Many students who struggle in school believe that they have difficulties because they’re stupid. After all, they went to class, studied hard, and then flunked the test. Isn’t that a sure sight of stupidity? No, it isn’t. It’s a sure sign that something is wrong, and it’s probably how the the kids are studying. Well, let’s fix that.

Step 1: Relax. Panicking in class, over homework, the night before a test, or during the test won’t help. So take a deep breath and calm down. You’ll focus better and feel better.

Step 2: Take good notes. If you’re like many students, you can’t study effectively because you don’t have good notes to study from. So take better notes. You may want to look at a few different note-taking methods and see which one will work best for you. Some good ones include Cornell notes, rough outline notes, and thought mapping notes. Also, make sure you write legibly. That means good handwriting and no hot pink pens with glittery ink.

Step 3: Ask good questions in and out of class. Most teachers will ask in class if there are any questions. If you’re confused about something, ask! Many teachers arrange times that students can come to get extra help. If you need help, get help. It doesn’t make you weak or stupid; it shows that you’re smart enough to get assistance.

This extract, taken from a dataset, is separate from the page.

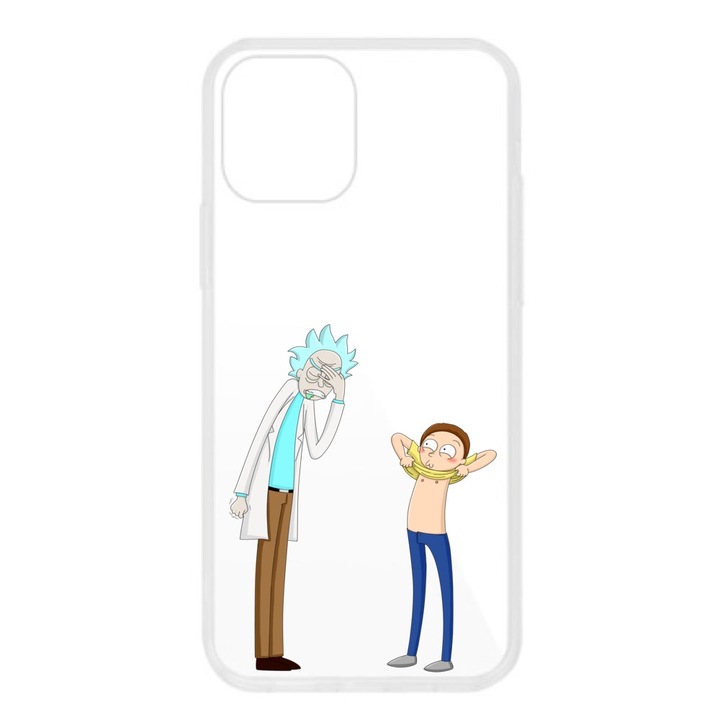 Калъф, съвместим с Apple iPhone 12 Pro Силиконов прозрачен модел Рик и Морти Fun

Step 4: Study a little bit every night. When you start a new unit, you know that you will eventually be tested on this stuff, so start studying for the test as soon as possible. It’s still early, so it doesn’t have to be intense; just read through your class notes and skim the vocabulary section of the textbook. If you do that two or three times a week, you won’t have to desperately cram the night before the test.

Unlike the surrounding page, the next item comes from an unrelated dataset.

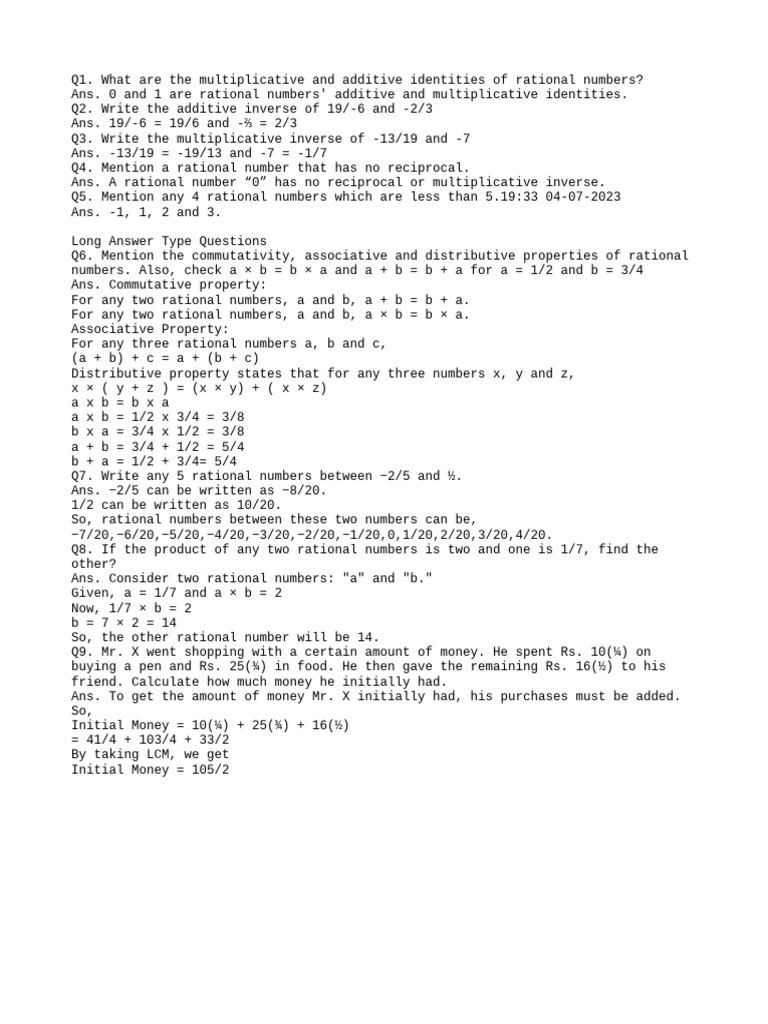 Maths important question pdf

Step 5: Study in the right place. The right place is different for everyone, but it’s never loud, distracting, or uncomfortable. If the best place for you is your under your favorite tree at the park, cool. If it’s your bedroom, great. If it’s the kitchen table, awesome. Just remember that wherever your study spot is, it needs to have adequate light and space, and you need to have all necessary supplies within reach.

Step 6: Take a break. Your brain can only focus on one thing for so long before you loose the ability to think coherently, so give yourself time to rest a little. Every hour or so, make sure you get up, walk around, maybe get a snack and then come back after 5-10 minutes.

Step 7: Take the test. You took good notes and read over them a few times a week. You asked the teacher for help and clarification when you needed it. You had your good study spot and took breaks so your brain didn’t turn to mush while you were trying to memorize the battles of the Napoleonic Wars. You remained calm at all times. Now you’re ready to spank that test and make it cry for its mama. Good luck!